[Image-caption web data]
--- START ---

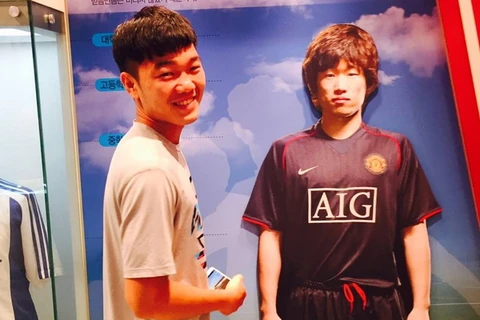 Xuân Trường không muốn tới Manchester United như Park Ji Sung. (Ảnh: Lương Xuân Trường News by Korean agency)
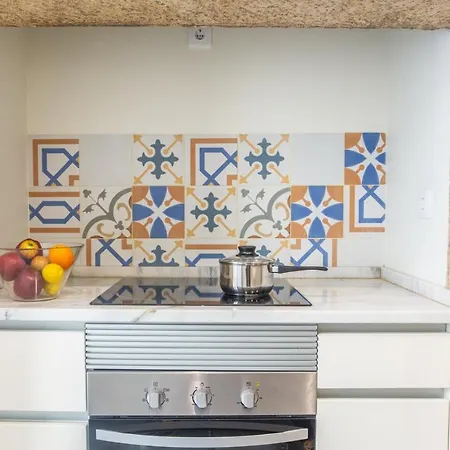 Plum Guide - Mustard & Terracotta Apartment *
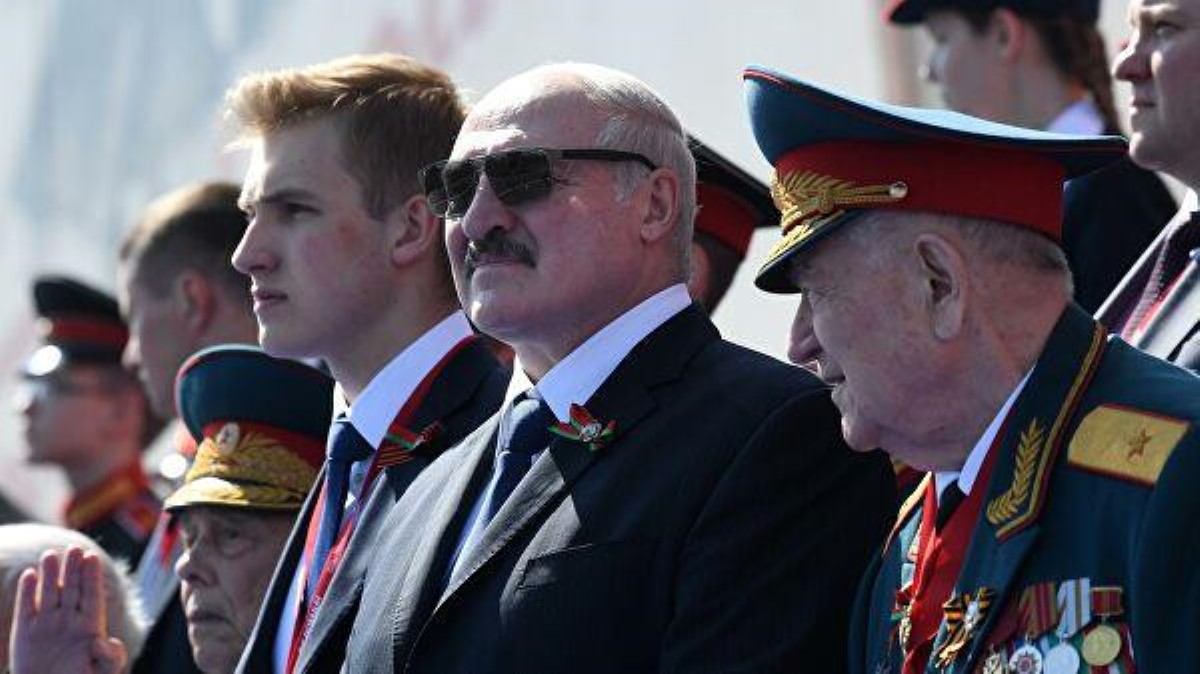 Сын Лукашенко взбудоражил соцсети своим появлением на параде в Москве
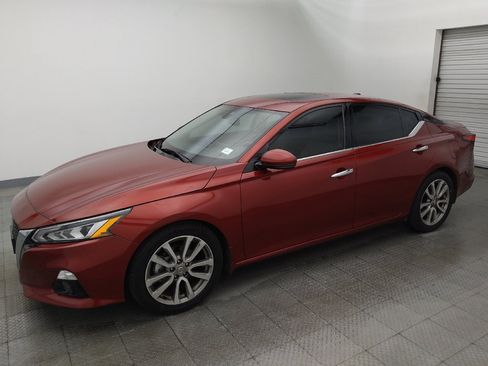 Used 2019 Nissan Altima 2.5 SL FWD image 2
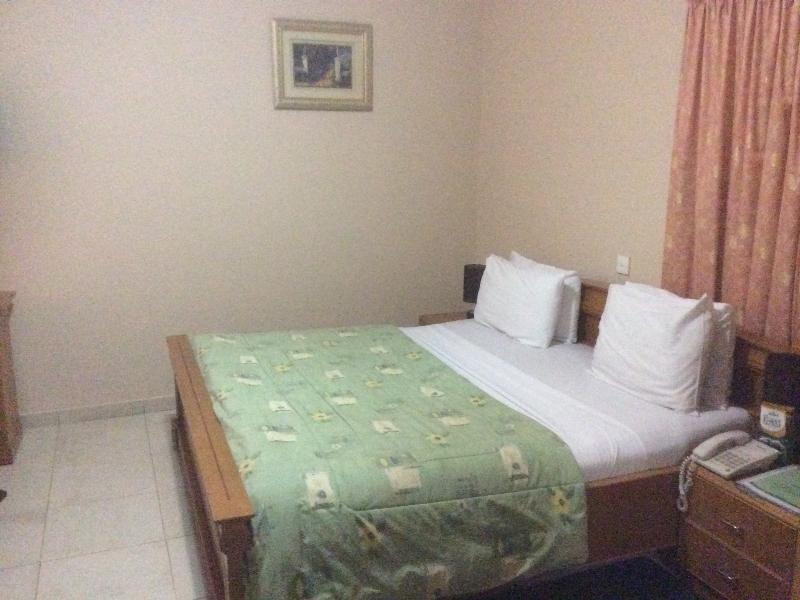 Eastgate Hotel Akra Dış mekan fotoğraf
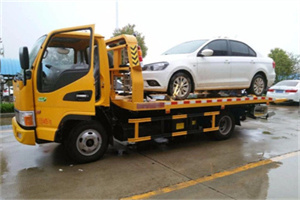 白碱滩附近拖车救援24小时服务热线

--- END ---

● What to do
Once more, please print all the lines above exactly, without their pictures.

● Written solution
 Xuân Trường không muốn tới Manchester United như Park Ji Sung. (Ảnh: Lương Xuân Trường News by Korean agency)
 Plum Guide - Mustard & Terracotta Apartment *
 Сын Лукашенко взбудоражил соцсети своим появлением на параде в Москве
 Used 2019 Nissan Altima 2.5 SL FWD image 2
 Eastgate Hotel Akra Dış mekan fotoğraf
 白碱滩附近拖车救援24小时服务热线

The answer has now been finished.